*What the task requires:* Pictures are to be omitted. Output only the lines from the one containing "TAS Contour Balance" through the end of the data, word for word.

--- Information supplied Enclosed Below ---

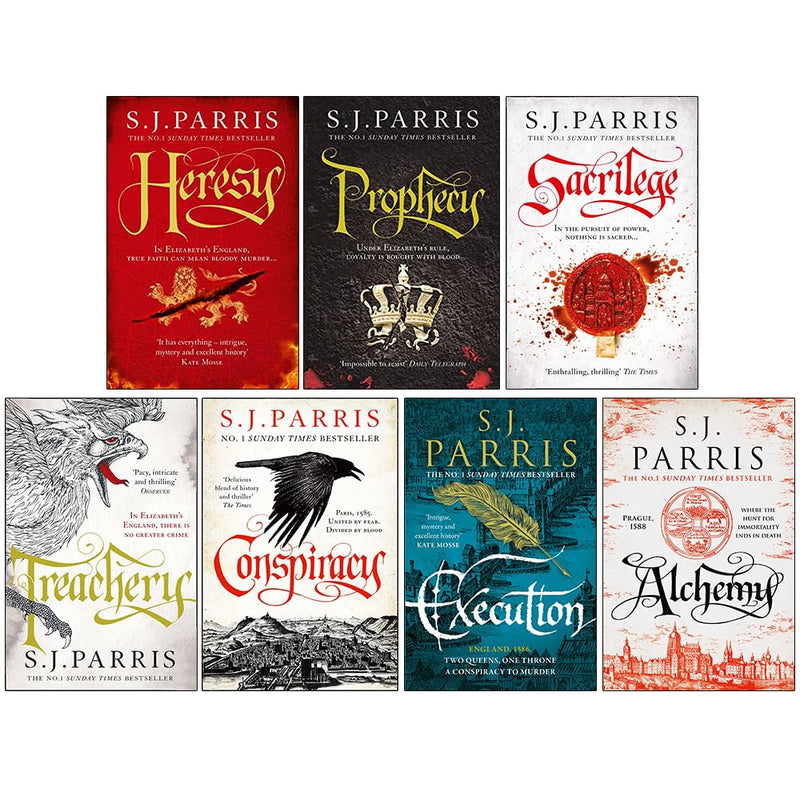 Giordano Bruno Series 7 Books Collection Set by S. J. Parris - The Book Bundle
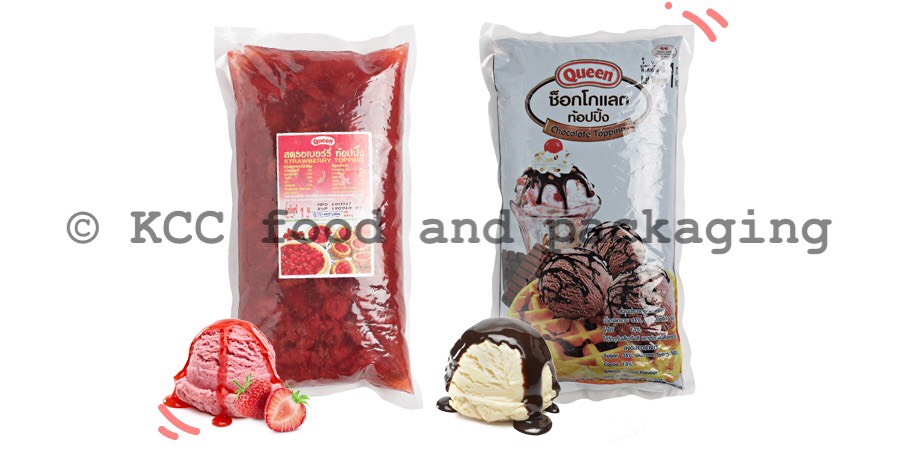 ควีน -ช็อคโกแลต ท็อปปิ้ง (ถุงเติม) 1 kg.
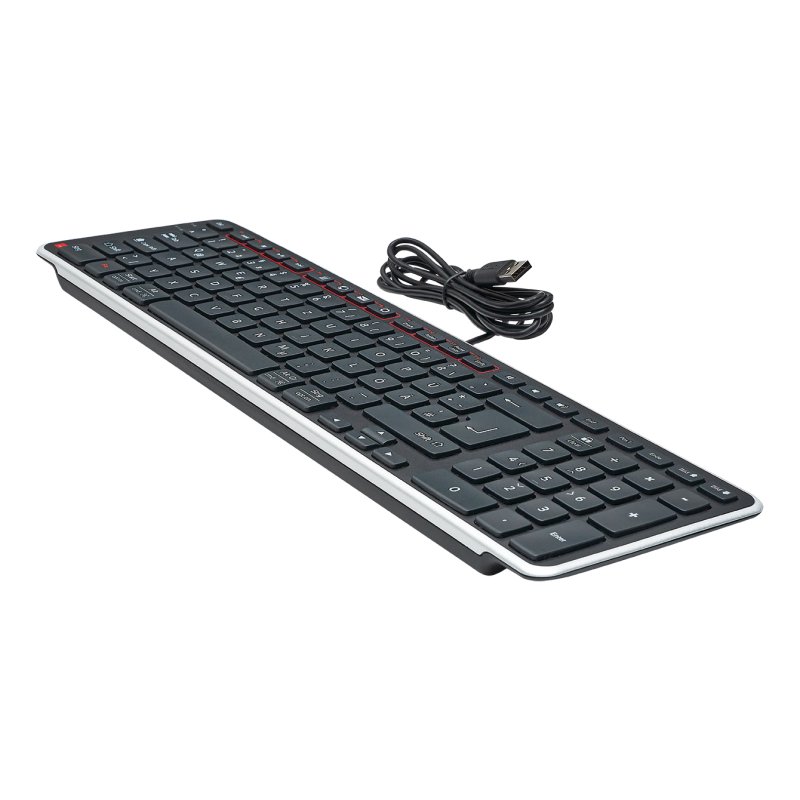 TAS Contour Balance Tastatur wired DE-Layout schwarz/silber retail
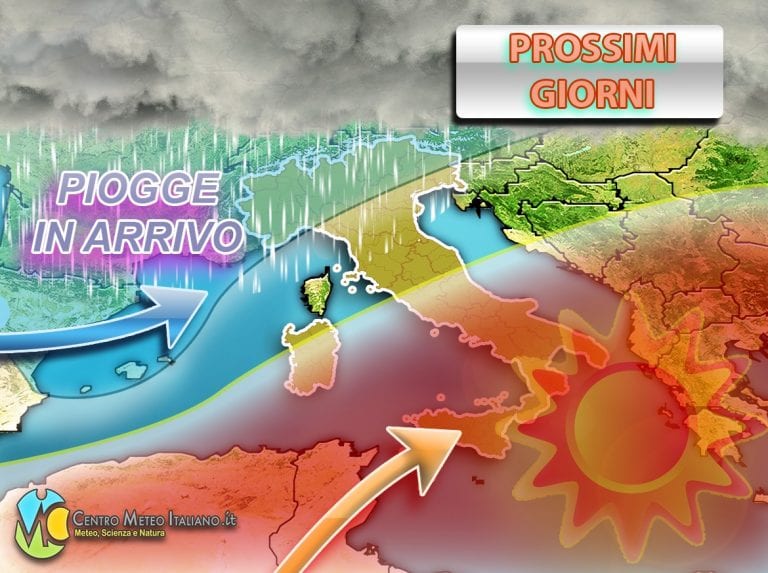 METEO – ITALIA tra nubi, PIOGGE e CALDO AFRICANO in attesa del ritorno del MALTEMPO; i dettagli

--- End of Enclosed Information supplied ---

*Response to this exercise:*
 TAS Contour Balance Tastatur wired DE-Layout schwarz/silber retail
 METEO – ITALIA tra nubi, PIOGGE e CALDO AFRICANO in attesa del ritorno del MALTEMPO; i dettagli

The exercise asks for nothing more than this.